Search Unity

  1. We are migrating the Unity Forums to Unity Discussions. On July 12, the Unity Forums will become read-only. On July 15, Unity Discussions will become read-only until July 18, when the new design and the migrated forum contents will go live. Read our full announcement for more information and let us know if you have any questions.

Question Multitask implementation on a real robot?

Discussion in 'ML-Agents' started by lucvt001, Dec 3, 2023.

  1. lucvt001


    Jun 28, 2023
    Hi everyone, I am doing a research project on RL. The project involves training a model for a real-world underwater robot to complete a sequence of tasks: for eg, pass through gate A while avoiding obstacle B, move towards C to do certain tasks, and then find the location of objects D, E, F to hit them. Basically there are a lot of sequential tasks.

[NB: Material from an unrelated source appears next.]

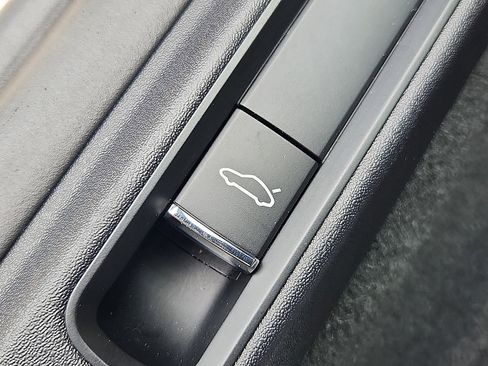 Used 2019 Porsche 718 Boxster S image 25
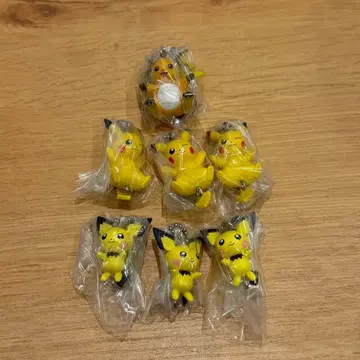 포켓몬스터 집어서 이어 붙이는 마스코트 라이츄 피카츄 피츄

    My approach is to have a base model capable of moving to a relative location (variable observation) given velocity vector input. The model's action space is continuous and controls the speed and direction at which it moves. After this, I will slowly add more rewards relating to task A, B, ..., and train a few different models focused on only a task. In short, I am trying to train a base model that can bridge the sim-to-real gap in waypoint navigation, and build on top of that to do more complex tasks using curriculum learning (or other methods).

    I hope to receive some advice related to two questions:
    1) How to optimally bridge the sim-to-real gap, especially for underwater environment? Is there a way to combine PPO with SAC (which are supposedly more suitable for robotics) and collect real-world data to train the model? Or, if I vary the different hydrodynamics variables to simulate all the possible and feasible motions in a fluid, is PPO training sufficient?
    2) What's the difference between curriculum learning (CL) and stage-by-stage (SbS) training (for the lack of a better description)? For CL, I need to write a master curriculum before the start of training, and if I need to modify things when training has already started, I think it's a bit hard (?) In comparison, for SbS training, I will train a model as per normal, and then add tasks and modify rewards as the model excels at the original simpler task. In a sense, I don't need to prepare an overall plan (like a curriculum) before the starts of training. Is it possible?